After leaving Ottawa, Mrs. Pankhurst and Mr. Miyatovich continued their Serbian mission tour, visiting next Carleton Place, Smiths Falls and Peterborough. At Carleton Place, she spoke ninety minutes to a spell-bounded audience at a meeting chaired by the President of Carleton Place’s Red Cross. She was introduced as “the greatest woman leader of the world.”
Mrs. Pankhurst returned to Ottawa two years later in September 1918. What a difference two years made! By this time, women had received the vote in six Canadian provinces—Manitoba, Saskatchewan, Alberta, British Columbia, Ontario and Nova Scotia. At the federal level, voter equality between men and women had also been legislated, effective at the beginning of 1919. (Other provinces were to follow, with the laggard, Quebec, only giving women the right to vote in 1940.)

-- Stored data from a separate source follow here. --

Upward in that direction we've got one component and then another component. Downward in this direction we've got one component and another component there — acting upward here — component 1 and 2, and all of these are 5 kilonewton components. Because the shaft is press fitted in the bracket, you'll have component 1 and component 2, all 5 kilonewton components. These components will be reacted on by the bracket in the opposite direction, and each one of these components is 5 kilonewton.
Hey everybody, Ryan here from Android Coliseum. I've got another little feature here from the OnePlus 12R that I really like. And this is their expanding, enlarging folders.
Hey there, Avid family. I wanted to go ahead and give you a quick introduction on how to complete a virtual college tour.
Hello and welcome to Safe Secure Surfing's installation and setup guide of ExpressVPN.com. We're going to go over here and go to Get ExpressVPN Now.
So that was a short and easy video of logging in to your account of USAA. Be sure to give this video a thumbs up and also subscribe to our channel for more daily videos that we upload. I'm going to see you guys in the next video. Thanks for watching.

Similarly in Britain, the Representation of the People Act had been passed, which enfranchised women over the age of 30. (21 was the voting age for men.) Women were also permitted to run for Parliament. When question by the Ottawa Journal, Mrs. Pankhurst said that war had changed the British government. With a British election imminent, she stood solidly behind Prime Minister David Lloyd George. With women (mostly) having been given the franchise, the WSPU was converted into the Women’s Party. Christabel Pankhurst was to run under the Women’s Party banner in the December 1918 general election in the constituency of Smithwick, but lost narrowly to a Labour Party candidate.
Like during her previous visit to the capital, the focus of Emmeline Pankhurst’s 1918 visit to Ottawa was the allied war effort. Her mission, which was supported by the British government, was “to strengthen the union between the women of the Dominion and the women of the Mother Country.” Her message to Canadian women was “Let the women of the Empire unite to make the Empire strong as the pioneer of civilisation for the world.” She later spoke at Knox Presbyterian Church on the state of affairs in Russia, having recently returned from that country.

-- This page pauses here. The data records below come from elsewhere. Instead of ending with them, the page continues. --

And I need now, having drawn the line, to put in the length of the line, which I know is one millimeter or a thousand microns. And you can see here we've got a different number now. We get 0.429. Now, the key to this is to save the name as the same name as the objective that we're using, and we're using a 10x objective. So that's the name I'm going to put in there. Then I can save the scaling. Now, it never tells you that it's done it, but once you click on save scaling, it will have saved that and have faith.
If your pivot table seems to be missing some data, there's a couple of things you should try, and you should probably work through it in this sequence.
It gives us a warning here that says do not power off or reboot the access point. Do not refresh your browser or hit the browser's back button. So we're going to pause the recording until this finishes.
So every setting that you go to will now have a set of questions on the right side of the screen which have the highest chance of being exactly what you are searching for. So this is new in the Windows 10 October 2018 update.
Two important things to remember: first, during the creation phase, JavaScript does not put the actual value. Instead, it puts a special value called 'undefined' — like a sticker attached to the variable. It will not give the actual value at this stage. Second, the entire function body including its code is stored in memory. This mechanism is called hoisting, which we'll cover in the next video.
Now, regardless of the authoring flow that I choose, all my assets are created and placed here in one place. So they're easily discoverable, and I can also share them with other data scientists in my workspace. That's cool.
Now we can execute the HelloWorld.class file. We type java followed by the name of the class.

Before heading to Toronto to speak at the Canadian Club, Mrs. Pankhurst was entertained at a tea at Murphy-Gamble’s tea room on Sparks Street. Isabel Meighen, the wife of future Conservative Prime Minister Arthur Meighen, was present at the tea.
After the war, Emmeline Pankhurst spoke frequently on empire unity as well as the evils of Bolshevism. She was also very fond of Canada. In an interview with Maclean’s Magazine in 1922, she said that “in Canada there seems to be more equality between men and women than in any other country I know.” For a time, she lived in Toronto, and was active there in combating venereal disease.

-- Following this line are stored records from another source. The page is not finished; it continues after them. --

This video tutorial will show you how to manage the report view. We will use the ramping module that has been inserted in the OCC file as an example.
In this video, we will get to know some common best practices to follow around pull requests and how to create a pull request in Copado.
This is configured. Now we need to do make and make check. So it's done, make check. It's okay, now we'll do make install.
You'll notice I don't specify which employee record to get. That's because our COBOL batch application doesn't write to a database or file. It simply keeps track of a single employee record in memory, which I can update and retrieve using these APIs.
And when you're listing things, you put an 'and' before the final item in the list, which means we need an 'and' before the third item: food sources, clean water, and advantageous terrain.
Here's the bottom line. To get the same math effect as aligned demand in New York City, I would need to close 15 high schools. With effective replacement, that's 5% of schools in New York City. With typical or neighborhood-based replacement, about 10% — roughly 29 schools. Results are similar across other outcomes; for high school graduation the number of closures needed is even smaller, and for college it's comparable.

After returning to Britain in 1925, she joined the Conservative Party, a move that shocked many of her friends and colleagues given her past association with the Independent Labour Party and other left-wing organizations.
Mrs. Emmeline Pankhurst died in June 1928 in Hamstead, England at the age of 69.
Sources:
Chapman, Ethel, 1922. Mrs. Pankhurst–Canadian”, Maclean’s Magazine, 15 January.
Ottawa Citizen, 1909. “Nothing In It,” 28 December.
——————, 1911. “Pankhurst Suffragetism [sic],” 27 October.
——————, 1911. “Men Asked Questions,” 13 December.
——————, 1911. “Comment,” 19 December.
——————, 1916. “Mrs. Pankhurst To Visit Ottawa,” 17 February.
——————, 1916. “Women Placed Service First,” 4 March.
——————, 1916. “Ontario Again Refuses The Women’s Vote,” 18 March.
——————, 1918. “…. The War’s Women’s Aim, Says Mrs. Pankhurst,” 10 September.
——————, 1919, “For Mrs. Pankhurst,” 11 September.
Ottawa Journal, 1911. “ Young, But Is No Tyro,” 6 February.
——————, 1916. “Mrs. Emmeline Pankhurst,” 2 March.
——————-, 1916. “Impressions of Mrs. Pankhurst,” 3 March.
——————-, 1916. “On Parliament Hill,” 3 March.
Purvis, June, 2002, Emmeline Pankhurst, A Biography, Routledge, London & New York.
Time Magazine, 1999. “Time 100 Persons of the Century,” 6 June.
Windsor Star, 1916. “No Sacrifice Too Great To Bring Allied Victory,” 2 March.